__Exercise goal__: In the records below, begin at the line containing "Close-up of a" and end at the line containing "Petralona cave, Ancient"; quote every line in that span exactly, including both boundary lines, and no others.

The data below:

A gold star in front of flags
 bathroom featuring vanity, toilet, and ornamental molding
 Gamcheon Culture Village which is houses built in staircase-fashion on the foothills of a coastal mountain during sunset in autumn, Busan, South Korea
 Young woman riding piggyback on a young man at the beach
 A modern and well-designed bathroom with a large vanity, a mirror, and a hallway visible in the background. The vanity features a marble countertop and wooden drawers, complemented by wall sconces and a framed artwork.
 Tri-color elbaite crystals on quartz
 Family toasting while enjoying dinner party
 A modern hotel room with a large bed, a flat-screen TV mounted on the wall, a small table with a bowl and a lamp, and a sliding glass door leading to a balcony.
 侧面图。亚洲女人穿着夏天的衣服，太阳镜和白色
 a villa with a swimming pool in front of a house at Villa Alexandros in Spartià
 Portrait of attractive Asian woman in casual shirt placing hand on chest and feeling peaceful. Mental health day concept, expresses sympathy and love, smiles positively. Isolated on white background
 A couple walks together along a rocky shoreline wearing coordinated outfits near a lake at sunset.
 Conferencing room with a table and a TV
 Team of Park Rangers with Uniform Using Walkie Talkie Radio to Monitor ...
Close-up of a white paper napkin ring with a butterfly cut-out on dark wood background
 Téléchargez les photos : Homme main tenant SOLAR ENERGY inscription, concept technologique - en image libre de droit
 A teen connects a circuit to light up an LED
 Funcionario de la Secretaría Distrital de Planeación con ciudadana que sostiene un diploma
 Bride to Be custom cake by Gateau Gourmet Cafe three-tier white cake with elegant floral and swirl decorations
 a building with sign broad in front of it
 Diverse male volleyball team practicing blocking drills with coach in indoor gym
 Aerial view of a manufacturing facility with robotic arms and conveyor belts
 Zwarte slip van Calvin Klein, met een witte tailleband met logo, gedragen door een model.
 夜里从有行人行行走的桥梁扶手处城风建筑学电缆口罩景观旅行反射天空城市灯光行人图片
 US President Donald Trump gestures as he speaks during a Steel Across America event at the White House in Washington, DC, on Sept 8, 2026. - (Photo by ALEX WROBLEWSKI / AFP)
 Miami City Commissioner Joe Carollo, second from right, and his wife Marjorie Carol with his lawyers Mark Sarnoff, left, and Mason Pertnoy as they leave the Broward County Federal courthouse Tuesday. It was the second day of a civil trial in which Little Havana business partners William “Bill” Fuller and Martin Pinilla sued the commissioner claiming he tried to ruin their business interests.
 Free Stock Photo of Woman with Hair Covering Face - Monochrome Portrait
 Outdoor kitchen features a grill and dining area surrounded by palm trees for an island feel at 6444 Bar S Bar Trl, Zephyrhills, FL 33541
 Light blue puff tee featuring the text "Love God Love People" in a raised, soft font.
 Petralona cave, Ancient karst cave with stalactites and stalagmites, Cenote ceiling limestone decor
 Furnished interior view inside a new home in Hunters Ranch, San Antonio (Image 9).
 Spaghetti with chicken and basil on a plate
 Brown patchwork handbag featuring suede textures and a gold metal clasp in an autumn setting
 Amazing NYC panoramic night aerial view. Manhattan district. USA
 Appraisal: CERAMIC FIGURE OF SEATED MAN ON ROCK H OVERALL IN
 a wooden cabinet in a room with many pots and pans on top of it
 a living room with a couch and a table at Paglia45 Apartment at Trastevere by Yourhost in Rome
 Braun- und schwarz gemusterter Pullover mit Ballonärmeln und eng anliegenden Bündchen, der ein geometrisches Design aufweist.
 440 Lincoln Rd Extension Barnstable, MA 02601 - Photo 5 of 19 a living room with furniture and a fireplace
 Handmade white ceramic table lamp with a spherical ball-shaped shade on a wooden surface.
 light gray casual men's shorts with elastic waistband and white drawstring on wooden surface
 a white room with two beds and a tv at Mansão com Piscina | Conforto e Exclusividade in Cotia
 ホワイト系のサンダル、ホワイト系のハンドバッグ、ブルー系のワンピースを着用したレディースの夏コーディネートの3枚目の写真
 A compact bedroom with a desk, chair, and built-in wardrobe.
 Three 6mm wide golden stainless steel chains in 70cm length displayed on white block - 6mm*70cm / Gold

End of The data.

__Result of this task__:
Close-up of a white paper napkin ring with a butterfly cut-out on dark wood background
 Téléchargez les photos : Homme main tenant SOLAR ENERGY inscription, concept technologique - en image libre de droit
 A teen connects a circuit to light up an LED
 Funcionario de la Secretaría Distrital de Planeación con ciudadana que sostiene un diploma
 Bride to Be custom cake by Gateau Gourmet Cafe three-tier white cake with elegant floral and swirl decorations
 a building with sign broad in front of it
 Diverse male volleyball team practicing blocking drills with coach in indoor gym
 Aerial view of a manufacturing facility with robotic arms and conveyor belts
 Zwarte slip van Calvin Klein, met een witte tailleband met logo, gedragen door een model.
 夜里从有行人行行走的桥梁扶手处城风建筑学电缆口罩景观旅行反射天空城市灯光行人图片
 US President Donald Trump gestures as he speaks during a Steel Across America event at the White House in Washington, DC, on Sept 8, 2026. - (Photo by ALEX WROBLEWSKI / AFP)
 Miami City Commissioner Joe Carollo, second from right, and his wife Marjorie Carol with his lawyers Mark Sarnoff, left, and Mason Pertnoy as they leave the Broward County Federal courthouse Tuesday. It was the second day of a civil trial in which Little Havana business partners William “Bill” Fuller and Martin Pinilla sued the commissioner claiming he tried to ruin their business interests.
 Free Stock Photo of Woman with Hair Covering Face - Monochrome Portrait
 Outdoor kitchen features a grill and dining area surrounded by palm trees for an island feel at 6444 Bar S Bar Trl, Zephyrhills, FL 33541
 Light blue puff tee featuring the text "Love God Love People" in a raised, soft font.
 Petralona cave, Ancient karst cave with stalactites and stalagmites, Cenote ceiling limestone decor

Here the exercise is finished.